I heard Peter speak back in October 2013 on a skeptic’s podcast I listen to, The Malcontent’s Gambit. While I feel Boghossian got a number of things wrong when he started talking about Christianity, such as his definition of faith, he gets a lot of things right as well. Despite our differences, I found myself really liking the guy and agreeing quite often. For example, he rightly critiques what he calls the ‘affinity ghettos’ of the contemporary academic left. He concludes (rightly) that this damages his efforts to promote truth, just as I feel it does my own. He says that the move in tolerance of people to tolerance of ideas, has been devastating. Amen! However, he also concludes that this allows ‘faith’ ideas to flourish, which he sees as false. This is called epistemic relativism, and we should join hands with Boghossian in defeating it. How often have we heard Christian apologists such as Greg Koukl speak on this topic?
He also laments the loss of civility in discourse, as well as the censorship happening all over the country (and world) on debate over various topics and ideas. He mentions a recent attempt to have a campus debate on a matter related to Islam, and notes that it was the leftists screaming about it, not the Muslims. He says this is so condescending to the Muslims, failing to fairly engage their ideas.
Notice how closely much of this matches what Christian apologists might say. I’d almost think he read Greg Koukl’s Tactics book, as he also employs the use of ’Columbo-style questions’ and the Socratic method. In other words, Boghossian is going after the mind, and in my opinion, doing so very effectively. At the same time, some of his critiques of Christianity are almost laughable, such as his picks of Christian evidence to examine being Transubstantiation and speaking in tongues. Have you ever heard a Christian apologist use either as evidences for Christianity?

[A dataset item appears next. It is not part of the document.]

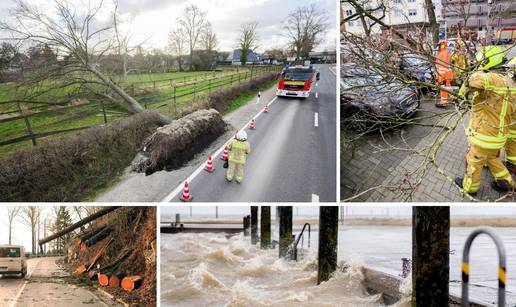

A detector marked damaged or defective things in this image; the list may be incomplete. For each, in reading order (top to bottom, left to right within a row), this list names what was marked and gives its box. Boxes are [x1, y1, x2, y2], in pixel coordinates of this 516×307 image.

damaged car [340, 63, 422, 131]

Tom Gilson brings out the background that Boghossian is trained in philosophy, a teacher/professor, and a specialist in persuasion theory and behavior-change theory. He not only knows it and teaches it, but has effectively put it to use in the Oregon state prison system. He’s going to be someone important to contend with, as these techniques can apply to spread truth just as much as inaccuracy. And, while I said I like Boghossian, I don’t like his intent. He wants to remove bad ideas (ie: religion) from being a what he calls the ‘adult table.’ In other words, he doesn’t want to suppress things from being discussed, but only ‘true’ things should be considered important in the public square. All else is relegated to the ‘kids table,’ though certainly free to take place.
Sean Faircloth – The battle for heart
Someone you might not have heard of, is Sean Faircloth, a long-term state legislature member and politician. I also recently heard him being interviewed by Alan Litchfield. In 2009, he became executive director of Secular Coalition for America, and more recently, in 2011, because Director of Strategy and Policy for the Richard Dawkins Foundation. I’ve actually noticed a change in Dawkins’ public behavior over the last year or two and wonder if this might not be part of the reason.
Sean is in some ways opposite Peter Boghossian. Peter, while I feel misguided, seems to be on a noble venture. Faircloth, on the other hand, sees set out to win. He has studied how the ‘Religious Right’ came to power, and seeks to emulate this for secularism in America. He is the author of, Attack of the Theocrats!: How the Religious Right Harms Us All-and What We Can Do About It. His focus is on organizing, lobbying, and politics. He understands the need for grass-roots efforts and having proper, focused, long and short-term goals.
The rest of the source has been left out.